Israelis and Palestinians found themselves in a situation similar to conservative and liberal Catholics in the United States as they attempted to decipher the words and actions of Pope Francis, wondering if he has a side and which one he’s on.
Francis became the first Pope to visit Israel by first flying into what he called the “state of Palestine” even though the Vatican does not officially recognize such a state.
What’s more, on his way to Bethlehem, the town where Jesus was born, in what has been described as a spontaneous moment, Francis paused and prayed at the security wall that protects Israelis from terrorist attacks. This was seen as clear support for Palestine.
The wall, which surrounds three sides of Bethlehem, has become a symbol for Israel’s enemies and sticking point for the Catholic Church since it inconveniences the Christian community who are largely Palestinian. Francis prayed near graffiti slogans including “Bethlehem looks like a Warsaw ghetto.”
On the other hand, Francis placed a wreath at the grave of Theodor Herzl, the founder of the Zionist movement and father of the modern state of Israel. On Monday, he visited Yad Vashem, the revered museum of the Shoah, sat with Holocaust survivors, and kissed their hands. At Yad Vashen he said the Shoah had no equal in horror, calling it “a great evil… such as never happened under the heavens.”
Because of Israeli concern about his spontaneous stop at the security fence, a visit to the memorial of Jewish victims of terrorism was hastily arranged. While there Israeli Prime Minister Benjamin Netanyahu told the Pope the security fence was necessary to prevent terrorism that is ongoing. To underscore his point, Netanyahu steered Francis to the exhibit memorializing the 1994 attack against a Jewish association in Buenos Aires that took 85 lives. Francis was auxiliary bishop in Buenos Aires at the time of the attack.
Perhaps more than any other sovereign actor, the Holy See threads a very fine needle in Israel. The Church sees the Jews as “our older brothers in the faith.” In fact, Francis used this phrase on this current trip. The Holy See has recognized Israeli statehood and traded diplomats with Israel since 1994. While the Church does not recognize Palestinian statehood per se, the Holy See sends an apostolic delegate to deal with issues there.
The Church, however, is deeply concerned by the shrinking population of Christians in the region overall but also at or near the Holy Sites. It is a distinct possibility one day soon that Christians will disappear from the Middle East. According to the CIA World Factbook, there are only 378,000 Christians in the birthplace of Christianity, most of them Palestinian.
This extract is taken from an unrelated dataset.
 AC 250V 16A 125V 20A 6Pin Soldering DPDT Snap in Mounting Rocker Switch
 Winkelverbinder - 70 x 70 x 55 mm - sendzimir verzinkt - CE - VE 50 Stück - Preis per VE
The Holy See understands the real threat to Christians in the Middle East certainly does not come from Israel but from Islamist movements that actively murder Christians, burn churches, and kill those who convert from Islam to Christianity. The Church opposed the Iraq war, for instance, among other reasons, for fear of what would happen to the Iraqi Christians whose numbers continue to shrink precipitously.
Into this milieu Pope Francis became the third Pope to visit the region. Pope Paul VI visited in 1964; Benedict XVI visited in 2009 and called for a Palestinian state.
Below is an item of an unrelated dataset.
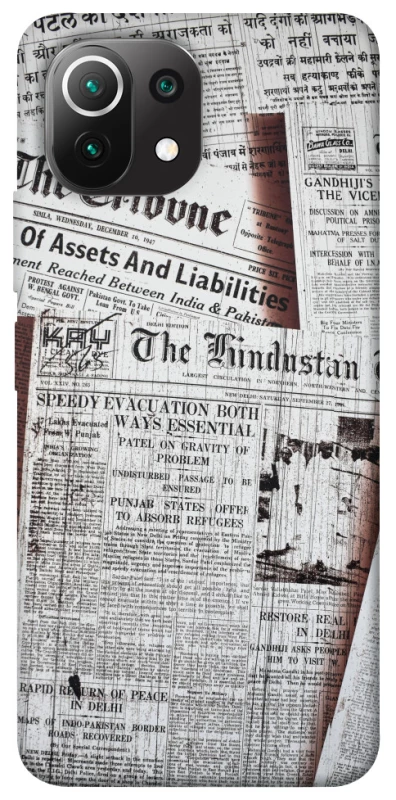 Чехол на Xiaomi Mi 11 Lite Газеты фото 1 из 1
In perhaps the most newsworthy moment of his trip, also reported as spontaneous, Francis invited the head of the Palestinian Authority and Israeli President Shimon Peres to visit with him at the Vatican on June 6th to pray for peace, an invitation both accepted.
George Weigel, papal biographer, told Breitbart News, “The ‘ewe’ was the invitation to Peres and Abbas, a fine gesture on the Holy Father’s part. But the key to peace between Israel and the Palestinians remains the Palestinians’ capacity to develop a civil society capable of supporting a government that can make peace. That remains to be done.”
Robert Royal, president of the Faith and Reason Institute and frequent commentator on EWTN, the global Catholic cable network, told Breitbart News, “There’s no harm in his seeking to have them meet, but also not much chance that the air in Rome will significantly alter what both sides have been thinking, saying, and doing over the years – since that’s pretty much dictated by circumstances, which haven’t changed.”
David Goldman, a respected commentator on global affairs, told Breitbart News, “The invitation to Mahmoud Abbas and Shimon Peres to pray for peace at the Vatican next month was especially confusing. Shimon Peres is a ceremonial rather than a political leader and has no mandate to negotiate on behalf of Israel.”
Goldman, who is Jewish, said:
As far as I know, Peres does not pray. And if he were to pray according to Jewish law, in my understanding, he could not easily do so at the Vatican, because Jews do not pray in the presence of Christian symbols. I do not know Muslim law well, but the same restriction would seem to apply to Abbas. Abbas has a bigger problem, namely embracing the terrorists of Hamas on one hand while proposing to pray for peace alongside the Holy Father.
I do not understand what Pope Francis has in mind. He appears to have a mystical belief that prayer can accomplish by miracle what all the world’s statesmen have failed to do by negotiation. There is no harm in hoping for miracles, to be sure, but I worry that this kind of gesture may raise inappropriate expectations and lead to disappointment.